## [What is required]
Pictures excluded, set down exactly the lines from the one containing "Lebendige Vergangenheit - Julius Patzak" through the final line of the material, and only those.

## [Exercise inputs]
- - -

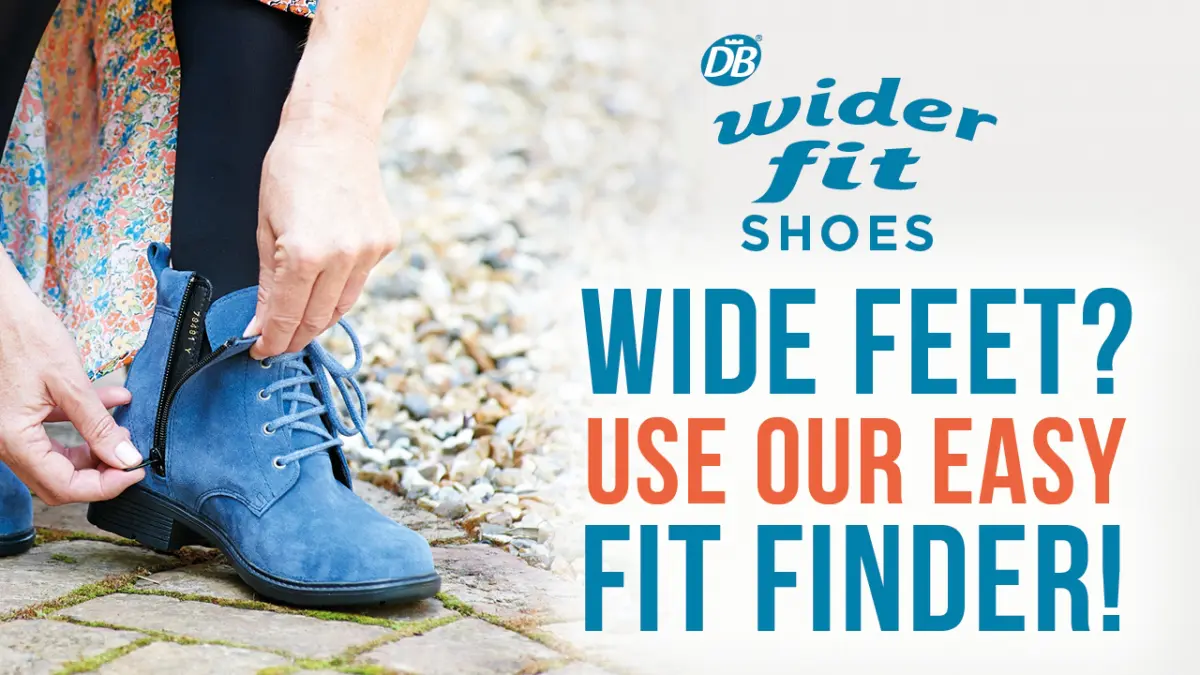 ASking if you have wide feet - use our fit finder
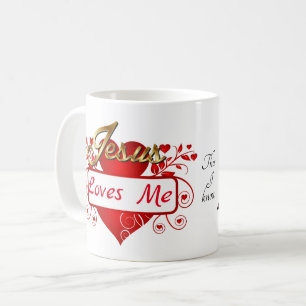 Jesus Loves Me, This I know ... Coffee Mug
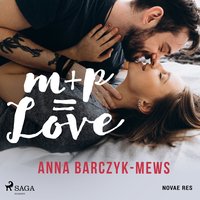 M+P=LOVE - Anna Barczyk-Mews - audiobook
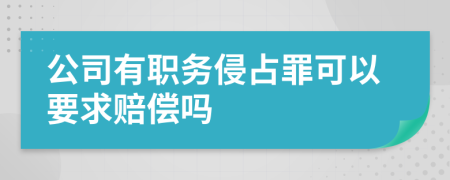 公司有职务侵占罪可以要求赔偿吗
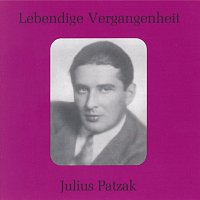 Lebendige Vergangenheit - Julius Patzak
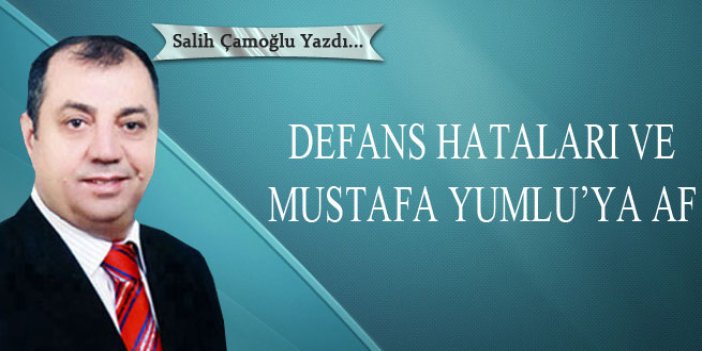 Defans hataları ve Mustafa Yumlu’ya af
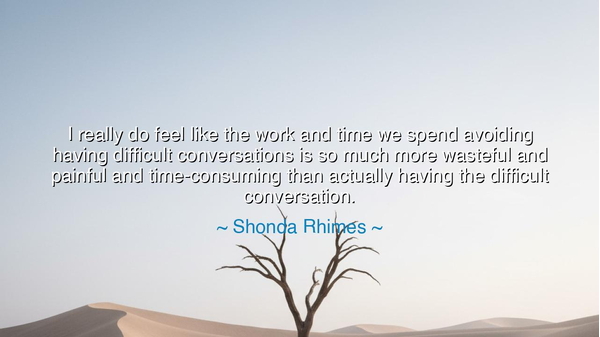 I really do feel like the work and time we spend avoiding having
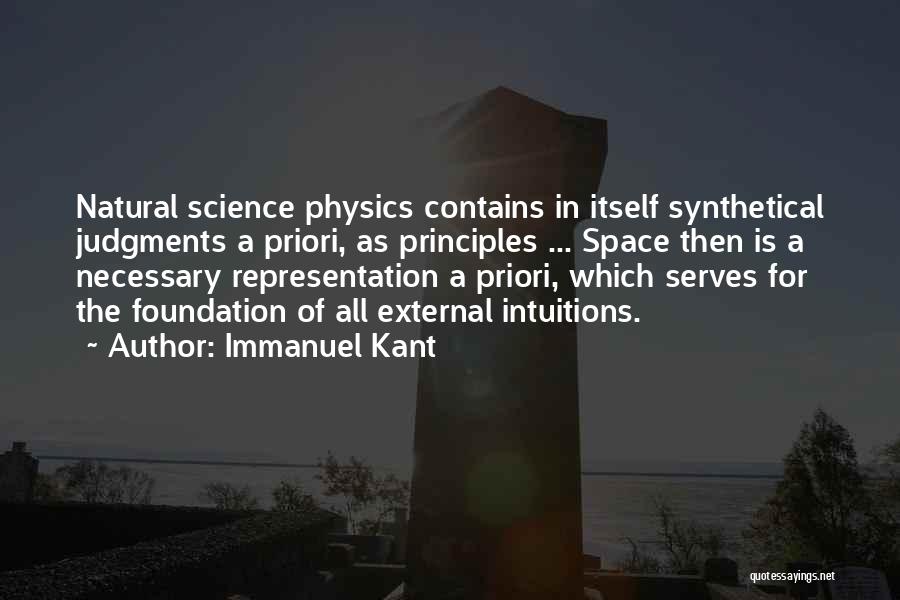 Immanuel Kant Quotes: Natural Science Physics Contains In Itself Synthetical Judgments A Priori, As Principles ... Space Then Is A Necessary Representation A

- - -

## [Expected output]
 Lebendige Vergangenheit - Julius Patzak
 Defans hataları ve Mustafa Yumlu’ya af
 I really do feel like the work and time we spend avoiding having
 Immanuel Kant Quotes: Natural Science Physics Contains In Itself Synthetical Judgments A Priori, As Principles ... Space Then Is A Necessary Representation A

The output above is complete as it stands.